FUNC["Azure Function App<br/><i>Scheduled Transfer</i>"]
subgraph "Destination Options"
ONELAKE["Microsoft Fabric<br/><i>OneLake</i>"]
STORAGE["Azure Storage Account<br/><i>Blob Storage</i>"]
end
end
S3 -->|"List & Get Objects"| FUNC
FUNC -->|"DFS API"| ONELAKE
FUNC -->|"Blob Service"| STORAGEDestination Options
Choose the destination that fits your analytics infrastructure:
| Option | Best For | Features |
|---|---|---|
| Microsoft Fabric OneLake | Enterprise analytics, Power BI | Unified lakehouse, built-in analytics |
| Azure Storage Account | Custom pipelines, flexibility | Lower cost, broad compatibility |
Prerequisites
Before starting, ensure you have:
Required
- Terraform (≥ 1.5.0)
- Azure CLI (
az) installed and authenticated - Azure subscription with permissions to create resource groups
- IAM credentials from Haltian for S3 bucket access
For OneLake Destination
- Microsoft Fabric capacity (existing or new)
- Global Administrator access for AAD permissions
For Storage Account Destination
- Storage Account Contributor permissions
Optional (for development)
- Python 3.10+
- Azure Functions Core Tools
S3 Access Credentials
Haltian provides two options for S3 bucket access:
| Method | Setup | Best For |
|---|---|---|
| Access Key + Secret | Haltian provides credentials | Quick setup |
| Bring-your-own IAM Role | You provide ARN to Haltian | Enterprise security policies |
If using your own IAM role, you’ll need to modify the Python code in the Azure Function to use AWS IAM role authentication, and provide the role ARN to Haltian for bucket policy configuration.
Infrastructure Setup
All costs for Azure resources (resource groups, storage accounts, Function Apps, Fabric capacity) are your responsibility. Review potential charges before proceeding.
Terraform Modules
The integration uses these Terraform modules:
| Module | Purpose |
|---|---|
azure-function/terraform | Azure Function App with dual upload modes |
infra/onelake | Fabric Capacity, Workspace, Lakehouse, AAD app |
infra/storageaccount | Storage Account with data containers |
Deployment Steps
Option A: OneLake Destination
Deploy infrastructure
Navigate to the
infra/onelakemodule and configure:- Azure subscription and tenant
- Resource group naming
- Fabric capacity (create new or use existing)
cd infra/onelake terraform init terraform plan terraform applyDeploy Function App
Configure the
azure-function/terraformmodule with:- S3 credentials (from Haltian)

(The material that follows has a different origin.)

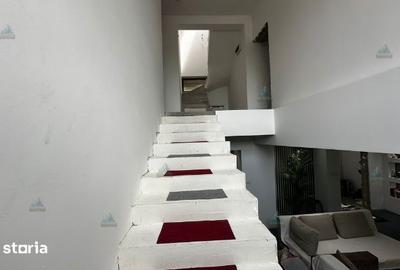 Casă cu 10 camere cu Teren 525 Mp în Central - 5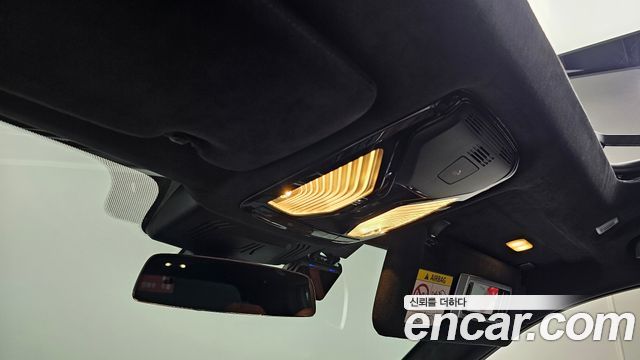 BMW X7 2021 — photo 21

- Fabric/OneLake credentials
- Upload mode:
onelake
cd azure-function/terraform terraform init terraform plan terraform apply
Option B: Storage Account Destination
Deploy infrastructure
Navigate to the
infra/storageaccountmodule:cd infra/storageaccount terraform init terraform plan terraform applyDeploy Function App
Configure with upload mode:
storage_accountcd azure-function/terraform terraform init terraform plan terraform apply
Configuration Reference
Azure Function Variables
| Variable | Description | Required |
|---|---|---|
s3_bucket_name | Haltian S3 bucket name | ✓ |
s3_access_key | AWS access key (from Haltian) | ✓ |
s3_secret_key | AWS secret key (from Haltian) | ✓ |
s3_region | S3 bucket region | ✓ |
upload_mode | onelake or storage_account | ✓ |
organization_id | Your Haltian organization UUID | ✓ |
OneLake-Specific Variables
| Variable | Description |
|---|---|
fabric_workspace_id | Fabric workspace GUID |
fabric_lakehouse_id | Lakehouse GUID |
aad_client_id | Azure AD app client ID |
aad_client_secret | Azure AD app secret |
aad_tenant_id | Azure AD tenant ID |
Storage Account Variables
| Variable | Description |
|---|---|
storage_account_name | Target storage account |
storage_container_name | Container for Parquet files |
storage_connection_string | Connection string |
Data Flow
Once deployed, the Azure Function runs on a schedule (configurable, default: hourly):
- List Objects - Queries S3 for new Parquet files since last run
- Download - Retrieves each new file from S3
- Authenticate - Uses MSAL client credentials for Azure auth
- Upload - Transfers to OneLake (DFS API) or Storage Account (Blob API)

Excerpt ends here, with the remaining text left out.